Babel

La démonstration de Babel, outre son origine biblique, n’est pas nouvelle, il y a longtemps qu’on observe que la multiplication des outils de communication engendre l’effet pervers de l’augmentation en parallèle de l’incommunicabilité. Pour paraphraser un célèbre philosophe, on peut dire qu’aujourd’hui, l’âme de l’homme est dans son téléphone mobile. Tous ces objets censés rapprocher, rassurer, passée la satisfaction immédiate d’avoir l’impression de contrôler les événements et les sentiments, provoquent une anxiété décuplée à moyen terme. Prenons le banal exemple d’un téléphone mobile d’un enfant, qui, acheté essentiellement pour calmer l’anxiété maternelle, provoque l’affolement quand il est hors zone, pire, suscite la convoitise des camarades de classe, etc…

Inarritu met en scène trois pays aux antipodes : le Maroc, le Mexique et le Japon. Si il présente les deux premiers comme des victimes de préjugés, de racisme et de ségrégation de la part d’autres pays, le spectre du terrorisme pour un pays musulman, le voisin américain ennemi pour le Mexique, le Japon, ivre de modernité décadente, génère ses propres maux en interne.

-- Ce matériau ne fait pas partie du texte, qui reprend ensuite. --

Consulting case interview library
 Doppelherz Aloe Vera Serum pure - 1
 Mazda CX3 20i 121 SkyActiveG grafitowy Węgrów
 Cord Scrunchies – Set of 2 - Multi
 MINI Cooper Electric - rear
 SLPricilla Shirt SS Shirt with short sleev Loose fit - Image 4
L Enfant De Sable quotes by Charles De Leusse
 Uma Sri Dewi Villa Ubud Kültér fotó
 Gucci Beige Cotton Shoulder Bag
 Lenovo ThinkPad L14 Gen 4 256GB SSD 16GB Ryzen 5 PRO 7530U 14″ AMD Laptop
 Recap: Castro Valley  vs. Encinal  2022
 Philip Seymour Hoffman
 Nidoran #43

Après l’achat d’un fusil par leur père, deux enfants marocains se voient confier l’arme à feu pour tuer des chacals. Depuis la montagne, la ronde des enfants tourne au jeu, et on se met à tirer sur les véhicules en contrebas dont un car de tourisme où une américaine est grièvement blessée.

Flash-forward aux Etats-Unis sur les enfants du couple américain gardés par une nourrice mexicaine : Amelia veut aller au mariage de son fils mais qui gardera les enfants ? Au téléphone, son patron lui demande d’annuler son voyage, il appelle d’un hôpital où sa femme Susan est sur le point de se faire opérer. Amelia décide en silence d’emmener les enfants avec elle au Mexique.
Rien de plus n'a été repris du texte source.